### YOUR OBJECTIVE
Every entry must appear in the answer exactly as it does here.

### THE RECORDS
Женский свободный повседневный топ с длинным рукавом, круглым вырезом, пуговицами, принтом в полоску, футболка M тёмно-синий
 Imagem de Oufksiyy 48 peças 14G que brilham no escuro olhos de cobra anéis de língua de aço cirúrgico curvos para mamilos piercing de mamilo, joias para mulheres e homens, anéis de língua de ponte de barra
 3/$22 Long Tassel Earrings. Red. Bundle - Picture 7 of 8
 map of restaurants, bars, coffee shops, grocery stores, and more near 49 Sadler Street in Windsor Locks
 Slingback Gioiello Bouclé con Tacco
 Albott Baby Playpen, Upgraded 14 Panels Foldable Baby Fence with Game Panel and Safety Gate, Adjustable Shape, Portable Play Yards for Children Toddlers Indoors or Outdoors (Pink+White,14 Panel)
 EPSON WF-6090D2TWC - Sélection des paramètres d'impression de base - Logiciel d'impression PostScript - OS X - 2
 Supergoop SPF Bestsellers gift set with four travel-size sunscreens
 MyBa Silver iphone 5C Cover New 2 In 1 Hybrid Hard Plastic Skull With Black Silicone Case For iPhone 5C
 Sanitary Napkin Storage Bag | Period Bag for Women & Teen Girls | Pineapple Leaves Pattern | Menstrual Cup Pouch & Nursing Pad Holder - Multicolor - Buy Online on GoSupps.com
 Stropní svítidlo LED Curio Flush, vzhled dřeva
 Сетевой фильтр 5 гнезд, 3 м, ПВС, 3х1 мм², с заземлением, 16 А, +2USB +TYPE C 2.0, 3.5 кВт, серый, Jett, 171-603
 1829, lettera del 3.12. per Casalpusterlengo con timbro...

### ANSWER SPACE
Женский свободный повседневный топ с длинным рукавом, круглым вырезом, пуговицами, принтом в полоску, футболка M тёмно-синий
 Imagem de Oufksiyy 48 peças 14G que brilham no escuro olhos de cobra anéis de língua de aço cirúrgico curvos para mamilos piercing de mamilo, joias para mulheres e homens, anéis de língua de ponte de barra
 3/$22 Long Tassel Earrings. Red. Bundle - Picture 7 of 8
 map of restaurants, bars, coffee shops, grocery stores, and more near 49 Sadler Street in Windsor Locks
 Slingback Gioiello Bouclé con Tacco
 Albott Baby Playpen, Upgraded 14 Panels Foldable Baby Fence with Game Panel and Safety Gate, Adjustable Shape, Portable Play Yards for Children Toddlers Indoors or Outdoors (Pink+White,14 Panel)
 EPSON WF-6090D2TWC - Sélection des paramètres d'impression de base - Logiciel d'impression PostScript - OS X - 2
 Supergoop SPF Bestsellers gift set with four travel-size sunscreens
 MyBa Silver iphone 5C Cover New 2 In 1 Hybrid Hard Plastic Skull With Black Silicone Case For iPhone 5C
 Sanitary Napkin Storage Bag | Period Bag for Women & Teen Girls | Pineapple Leaves Pattern | Menstrual Cup Pouch & Nursing Pad Holder - Multicolor - Buy Online on GoSupps.com
 Stropní svítidlo LED Curio Flush, vzhled dřeva
 Сетевой фильтр 5 гнезд, 3 м, ПВС, 3х1 мм², с заземлением, 16 А, +2USB +TYPE C 2.0, 3.5 кВт, серый, Jett, 171-603
 1829, lettera del 3.12. per Casalpusterlengo con timbro...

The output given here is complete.